──────── Data for this task ────────

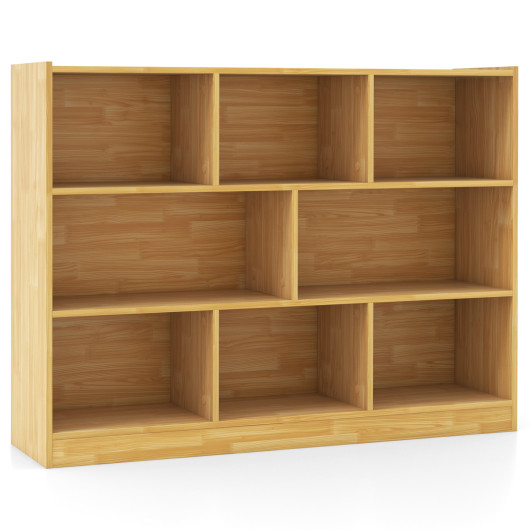 3-Tier Open Bookcase 8-Cube Floor Standing Storage Shelves Display Cabinet-Yellow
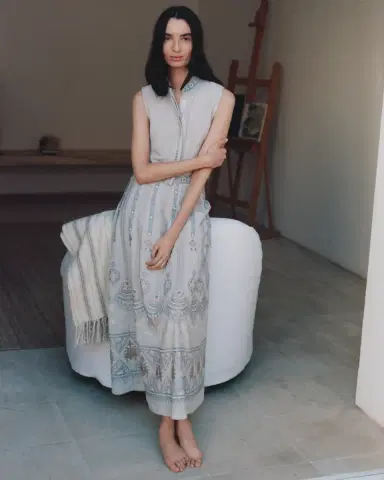Emporio Sirenuse Camille Skirt with Meridiana Embroidery | Thumbnail 7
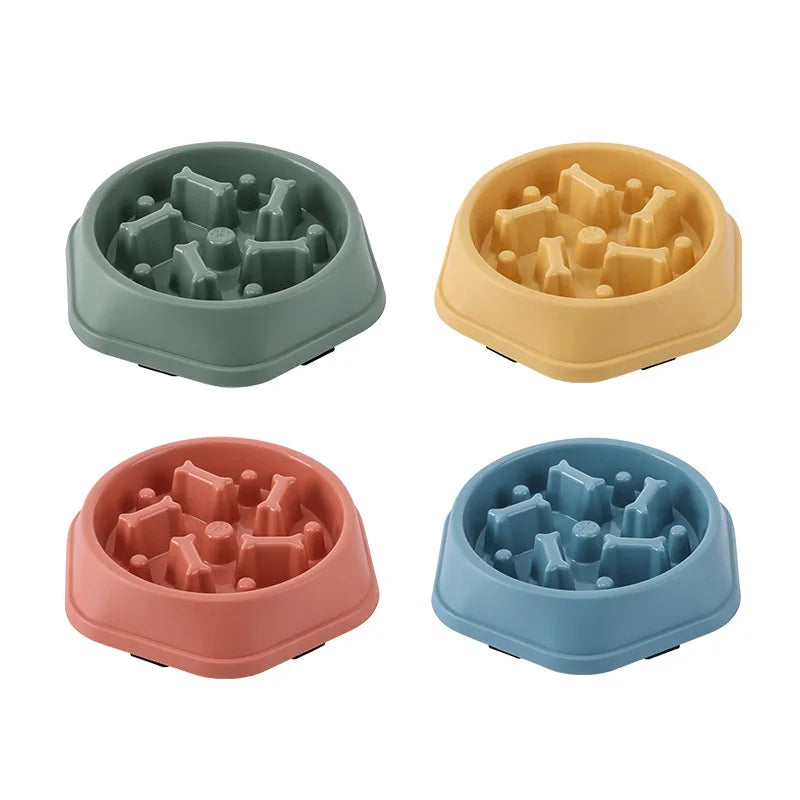 Pet Cat or Dog Slow Food Bowl Fat Help Healthy Round Anti-choking Thickened And Non-slip Multiple Colors Shapes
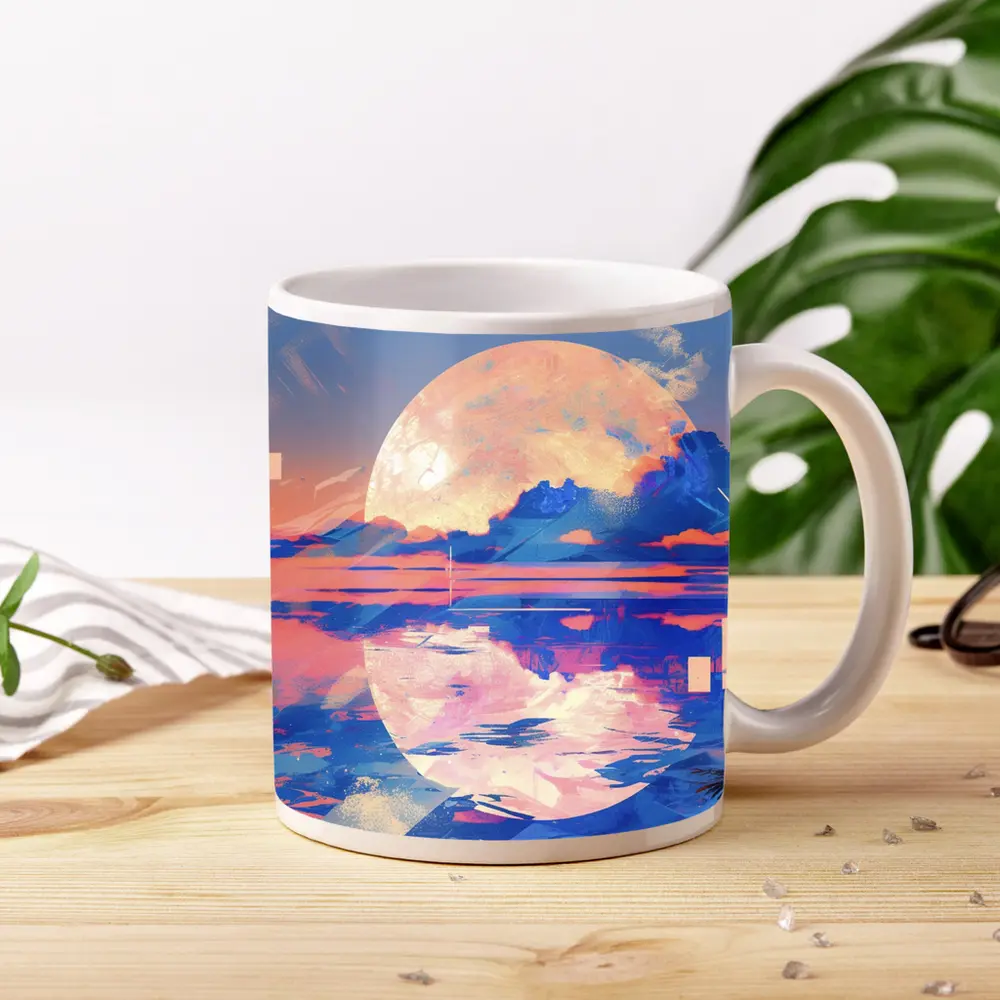 Tropical Moon Reflection Lofi Art – Mugs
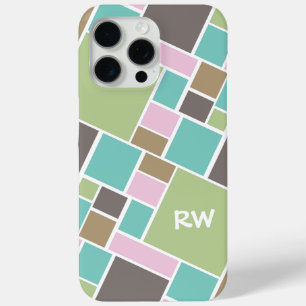 Personalised Rectangle and squares pattern iPhone 15 Pro Max Case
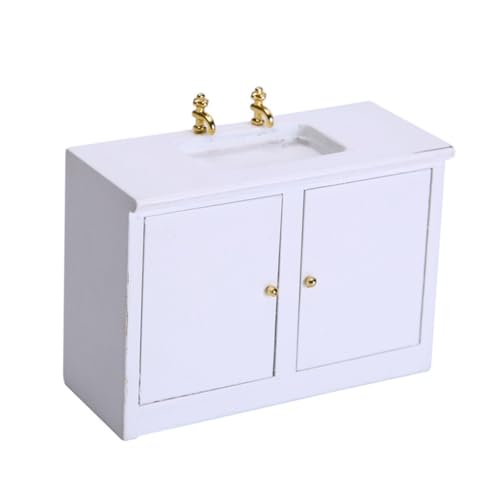 VICASKY Miniatur Badezimmer Waschbecken Modell mit Schrank Kleines Puppenhaus Möbel Ornament Weiß Detailliert und Leicht als und Dekoration für Kleine Häuser VICASKY Miniatur Badezimmer Waschbecken Modell mit Schrank Kleines Puppenhaus Möbel Ornament Weiß Detailliert und Leicht als und Dekoration für Kleine Häuser von VICASKY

────────

Problem description:
Exact copies of the lines from the one containing "Tropical Moon Reflection Lofi Art – Mugs" through the final line of the data are required; pictures are to be omitted.

Answer to the problem:
 Tropical Moon Reflection Lofi Art – Mugs
 Personalised Rectangle and squares pattern iPhone 15 Pro Max Case
 VICASKY Miniatur Badezimmer Waschbecken Modell mit Schrank Kleines Puppenhaus Möbel Ornament Weiß Detailliert und Leicht als und Dekoration für Kleine Häuser VICASKY Miniatur Badezimmer Waschbecken Modell mit Schrank Kleines Puppenhaus Möbel Ornament Weiß Detailliert und Leicht als und Dekoration für Kleine Häuser von VICASKY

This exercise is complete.